Droht der Polizei in NRW ein Fälschungsskandal? Die Polizei in Mülheim soll die Kriminalstatistik geschönt haben. Es wurden deutlich mehr Diebstähle als aufgeklärt angegeben als tatsächlich Fälle gelöst wurden. Das behauptet ein renommierter Wissenschaftler in einer Studie. Nur ein Einzelfall? Die Vorwürfe sind brisant.

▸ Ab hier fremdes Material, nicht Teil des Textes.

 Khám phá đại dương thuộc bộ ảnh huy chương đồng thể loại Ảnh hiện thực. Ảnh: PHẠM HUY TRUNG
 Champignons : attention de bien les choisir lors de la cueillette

Wenn an diesem Donnerstag der Innenausschuss des nordrhein-westfälischen Landtages zu einer öffentlichen Anhörung in Sachen „Maßnahmenpaket zur Bekämpfung des Wohnungseinbruchsdiebstahls“ zusammenkommt, so birgt zumindest eine der Stellungnahmen politischen Sprengstoff. Der Polizeiwissenschaftler und Kriminologe Dr. Frank Kawelovski spricht in seiner 18-seitigen gutachterlichen Stellungnahme von einer Statistikfälschung seitens einer Polizeibehörde. Es geht um die Aufklärungsquote.

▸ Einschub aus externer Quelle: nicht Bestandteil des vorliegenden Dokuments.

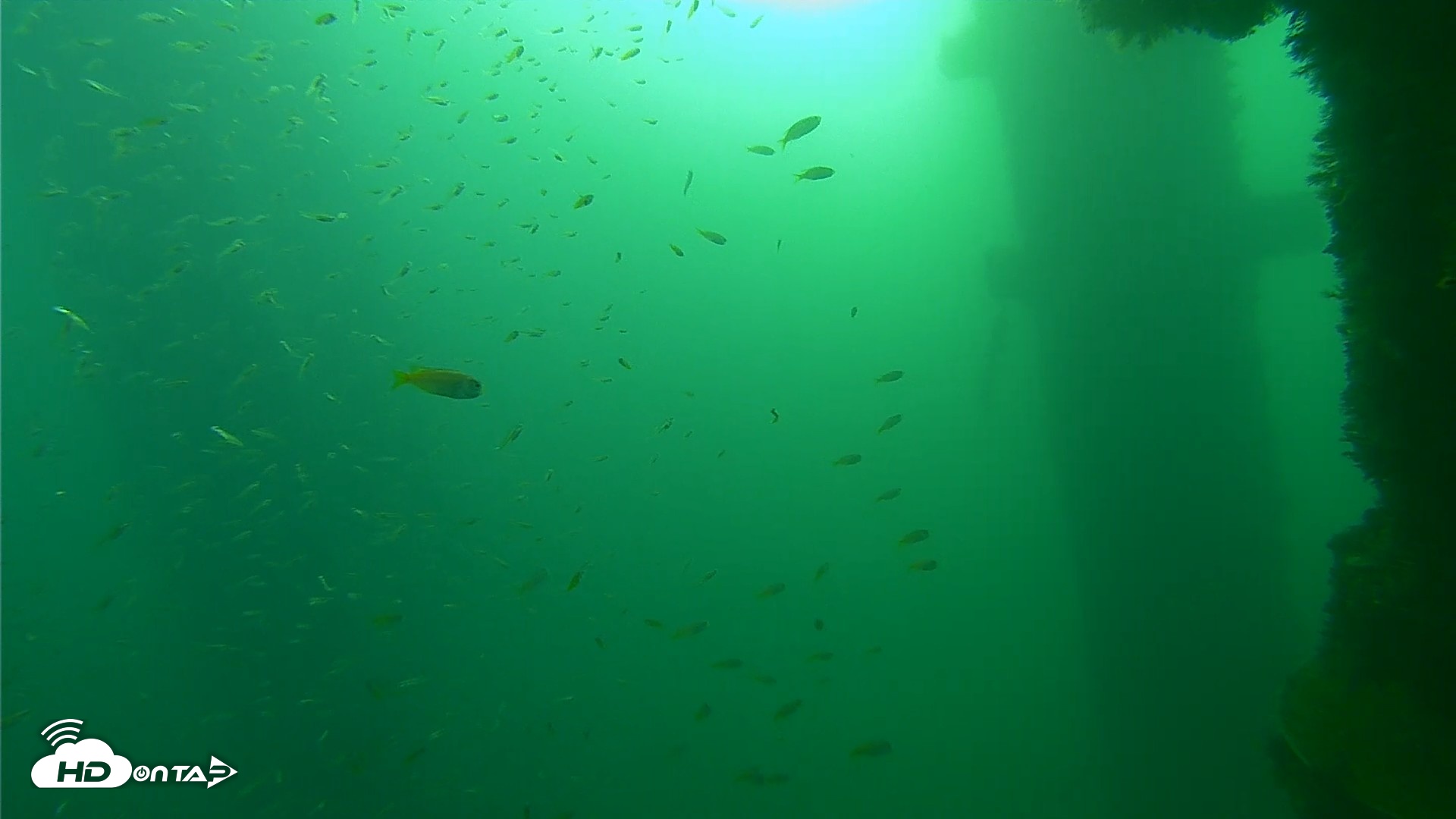 Snapshot of Scripps Pier Underwater Live Webcam taken Sep 28, 2026, 8:00am PDT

„Wenn künstliche Aufklärungsquoten geschaffen werden, so ist die Polizeiliche Kriminalstatistik (PKS) nicht mehr als Lagebild zur Gewinnung von Maßnahmen geeignet. Das Instrument der PKS wird pervertiert.“ In diesem Zusammenhang prangert Kawelovski die Statistikfälschung an, die sich in der Polizeibehörde Mülheim ereignet habe: „Es gab in den Akten nicht den Hauch eines Ermittlungsansatzes oder einen Hinweis auf einen möglichen Täter. Am Ende stand in den Akten: Es gibt keine Ermittlungsansätze.“ Dennoch wurden 30 solcher Fälle als geklärt in die Statistik gebracht – für den Kriminologen eine einwandfreie Statistikfälschung.

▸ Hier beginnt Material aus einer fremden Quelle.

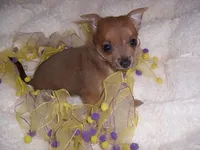 SISSY, a female Chihuahua for sale in Canton, MS – 2 of 4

Täter bleiben fast immer unbestraft
Nach zwei Untersuchungen, die Kawelovski in den Jahren 2012 und 2015 durchführte, zieht er folgende Bilanz: „Zumindest für Wohnungseinbrüche gilt also: In 97 bis 98 Prozent aller Fälle bleiben die Täter unbestraft.“ Und weiter heißt es in der Stellungnahme für den Innenausschuss des Landtages: „Die Diskrepanz zwischen den Aufklärungs- und den Verurteilungsquoten zeigt eindringlich, in welchem Maße die Aufklärungsquoten künstlich nach oben getrieben werden.“
Kawelovski weiter: „Das Ausmaß der Manipulation von Aufklärungsquoten hatte 2014 schon Prof. Dr. Thomas Feltes (Ruhr-Universität Bochum) in einem Gutachten dargestellt, das er erstellt hatte, nachdem im Bundesland Brandenburg eine geheime Anweisung zur Fälschung der Aufklärungsquoten an die Öffentlichkeit gelangt war.“
Mit Herzblut dabei
Die NRZ bat das Innenministerium NRW, zuständig für die Polizei, um eine Stellungnahme zu der Statistikfälschung. Das Ministerium wollte sich jedoch nicht äußern: Das Landeskriminalamt prüfe die Angelegenheit und werde in der Sitzung des Innenausschusses dazu Stellung nehmen. Dem wolle man nicht vorgreifen, so eine Sprecherin des Ministeriums.
Gutachter Kawelovski, Dozent an der Fachhochschule für öffentliche Verwaltung und ehemaliger Kriminalhauptkommissar, sieht das Problem nicht etwa bei den Polizeibeamten, sondern eher im politisch motivierten Wettlauf um die besten Aufklärungsquoten: „Viele Kollegen sind wirklich mit Herzblut dabei und reißen sich zum Teil den Arsch auf.“ Ihrem Engagement werde man mit Manipulationen der Statistik nicht gerecht.